With the Academy favoring so many small pics in its nominations — four of the best picture contenders cost less than $14 million to produce — more pics this year have the opportunity to capitalize on Oscar buzz at the box office, and make already successful pics even more profitable.
Though studios now routinely devise release strategies betting that kudos attention will boost commercial prospects, the Acad’s announcement sent distrib departments into a flurry of activity to book new theaters for their contenders.
Focus Features’ “Brokeback Mountain,” which garnered eight noms, has already cumed more than $50 million and is now set to widen its run past 2,000 theaters this weekend, up from 1,654.
“Historically, the nominations invigorate business for a film,” said Focus distrib topper Jack Foley, who added he already saw a bump in East Coast matinees for the Ang Lee-helmed pic. “With a best picture nomination you get a big punch.”
Universal is also hoping that the Acad’s five noms for Steven Spielberg’s “Munich” will help that pic, which has struggled to gross $40 million since it was released Dec. 23, get a needed second wind.
Spielberg said Acad attention gives “Munich” a “tremendous second opportunity to find its audience in America, to bring in some people who might have been afraid to see the film or were cautious about it.”
U distrib prexy Nikki Rocco was busy Tuesday morning revamping the distrib pattern. “Our distribution plans have changed because this certainly gives new visibility to the film.” By midday, plans were to play the pic in 1,120 theaters Friday, up from 980 last weekend.

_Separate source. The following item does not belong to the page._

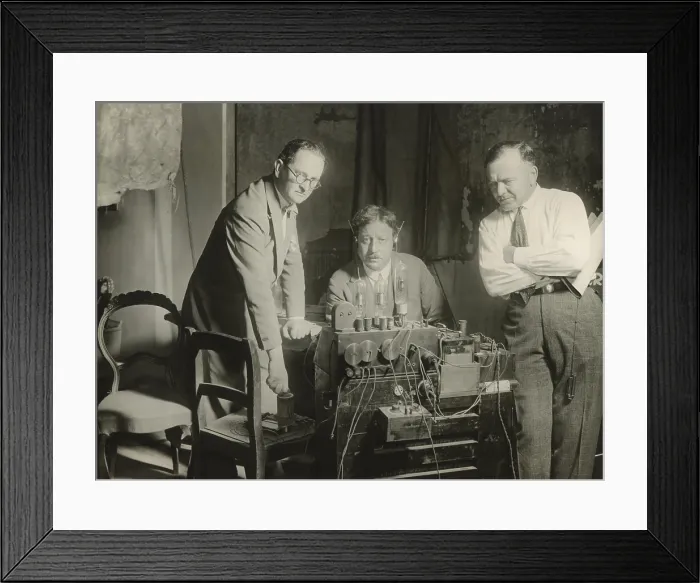 Framed Print : Inventor, Joseph Massolle (center), listening to the first screening of German Movietone News Framed Print : Inventor, Joseph Massolle (center), listening to the first screening of German Movietone News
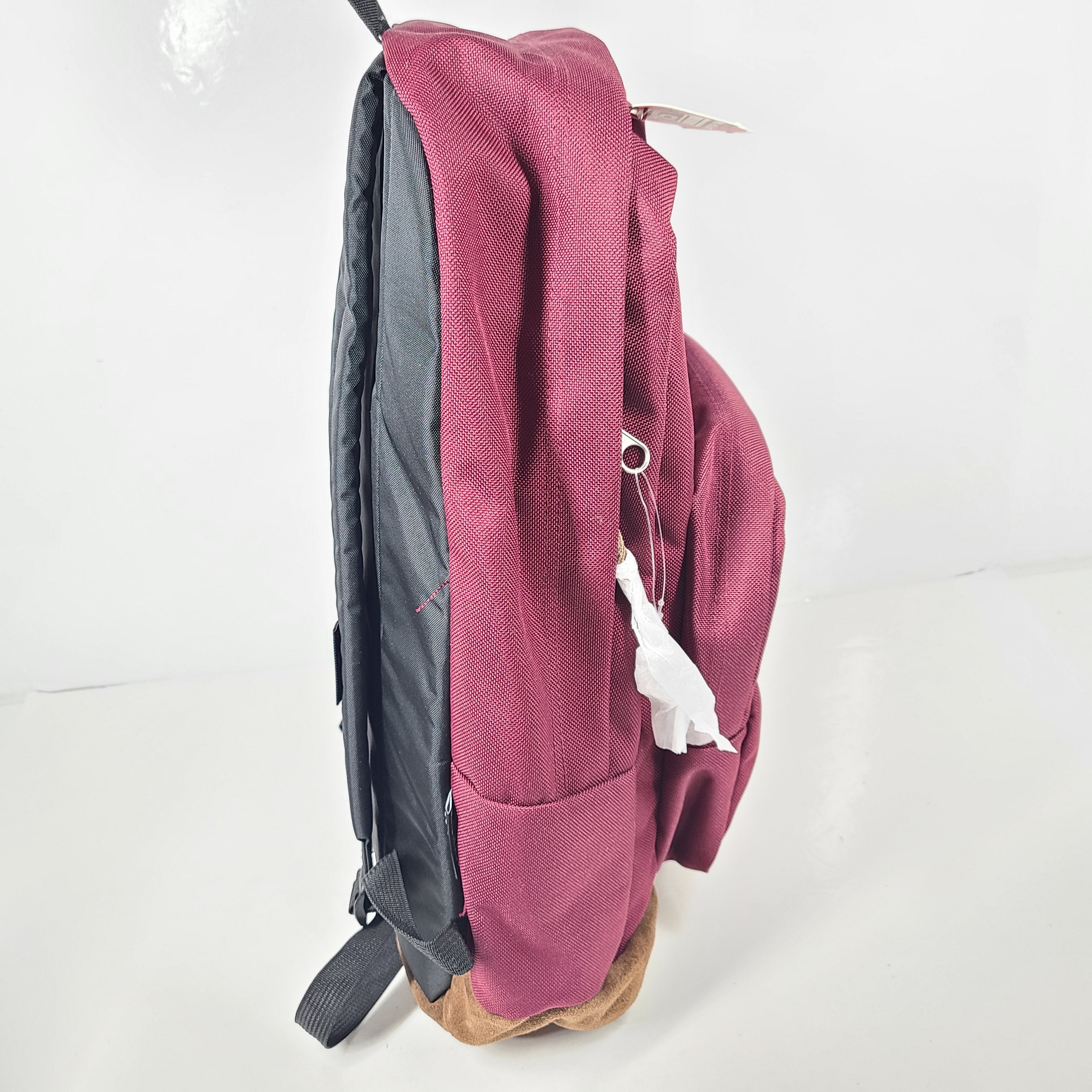 A maroon JanSport backpack with a 15" laptop sleeve.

Though it’s already been in theaters for four months, Sony Pictures Classics is angling to push “Capote” into up to 1,500 venues Friday to capitalize on its five noms, including best pic and an actor nod for Philip Seymour Hoffman.
“It’s how you set your movie up, and ours is set to catch at this point in the voting period,” label co-topper Tom Bernard said. Though released on Sept. 30, Sony Classics has held the pic back during its release, peaking at 348 screens Jan. 20. The slow rollout has collected $15 million so far for the $6.7 million-budgeted pic.
“We’ve been playing in arthouses since Sept. 30,” he said. “There was a difficulty in getting a people to know who Truman Capote was. This puts us in the mainstream of American attention.”
Likewise, Warner Independent Pictures’ “Good Night, and Good Luck” has also had a leggy perf, taking in $25 million in its 17-week run. The George Clooney-helmed film played on over 800 screens back in November, but distrib chief Steven Friedlander said the label is taking it even wider — up to 900 playdates — Friday.
Historically, the period between Oscar nominations and the Oscar ceremony has been the most lucrative period at the box office for kudos-contending pics.
Over the past three years, the best pic Oscar nominees have grossed on average $28 million between when the noms are announced and when the statuettes are handed out. For comparison’s sake, pics that received a best pic nom in the Golden Globes but not the Oscars have posted just $8 million at the box office over the same period.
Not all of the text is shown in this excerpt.